Mountain Max swaybarectomy

Backwoods M Max

New member
Joined
Mar 31, 2011
Messages
1,052
Location
New England
What's the straight forward way to pull the sway bars on these things? I've tried riding around the yard with sway bar disconnected, and think I want to pull it for good. I'm just guessing that most new mountain sleds don't come with a sway bar, and the mountain max just has one because of its trail sled lineage?

If I drill the rivets for the sway bar brackets, will it pull through from one side to the other without much trouble? I'd make some covers from sheet aluminum to keep the snow out of the holes once the bar is gone.

Is there a tech write up anywhere about working on the sway bar?
 

you are correct in your removal theory and cudos for thinking to block the holes. however, you will find that there is one rivet on the bracket that yamaha built the entire sled around. almost impossible to access.
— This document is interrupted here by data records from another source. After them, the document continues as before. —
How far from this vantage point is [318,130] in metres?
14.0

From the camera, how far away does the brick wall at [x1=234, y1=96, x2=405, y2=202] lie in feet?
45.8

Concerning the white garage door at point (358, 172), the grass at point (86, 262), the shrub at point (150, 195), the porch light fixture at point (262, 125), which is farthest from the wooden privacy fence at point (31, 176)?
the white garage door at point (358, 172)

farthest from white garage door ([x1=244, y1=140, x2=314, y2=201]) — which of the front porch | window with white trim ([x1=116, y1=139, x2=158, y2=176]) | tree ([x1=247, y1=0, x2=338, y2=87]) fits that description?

if you really want to commit, simply cut one end off and slide the other part out. no going back with this method and the holes left behind are easily plugged. your choice.
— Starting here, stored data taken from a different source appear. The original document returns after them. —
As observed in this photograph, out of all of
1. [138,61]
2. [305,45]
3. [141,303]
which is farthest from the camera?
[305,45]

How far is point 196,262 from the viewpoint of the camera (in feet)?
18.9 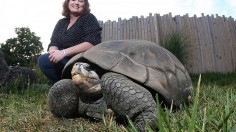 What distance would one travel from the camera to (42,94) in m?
5.15

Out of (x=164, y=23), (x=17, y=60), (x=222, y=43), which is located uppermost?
(x=164, y=23)

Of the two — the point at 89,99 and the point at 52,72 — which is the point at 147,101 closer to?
the point at 89,99

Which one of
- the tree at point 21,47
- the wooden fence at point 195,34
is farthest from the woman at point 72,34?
the tree at point 21,47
if you opt for full removal, a sharp chisel works on the hard to get at rivet and the other three will more than readily hold your block off plate.
 
The right way is to drill the rivets and make plates for the holes. The easy way is to fire up the cut off wheel, whack one end off, slide it out the other side, and it a gob of silicone in the whole. Been on the same silicone since 02.
 
Mysledblows said:
The right way is to drill the rivets and make plates for the holes. The easy way is to fire up the cut off wheel, whack one end off, slide it out the other side, and it a gob of silicone in the whole. Been on the same silicone since 02.

Are the rivets structural steel ones like on the tunnel and bulkhead or aluminum?

Did you have any regrets afterwards? My time on the trail is very minimal, and I'm looking to improve the deep snow handling, carving ability of the sled. Right now if I'm standing on the inside board hanging a leg out its almost impossible to even lift the outside ski, and even when I do get around 2' of fresh snow it just doesn't really like to lay over like I think it should. I have the skid set for very light ski pressure, so it doesn't really do much other than make me feel like I'm fighting the sled more than I have to.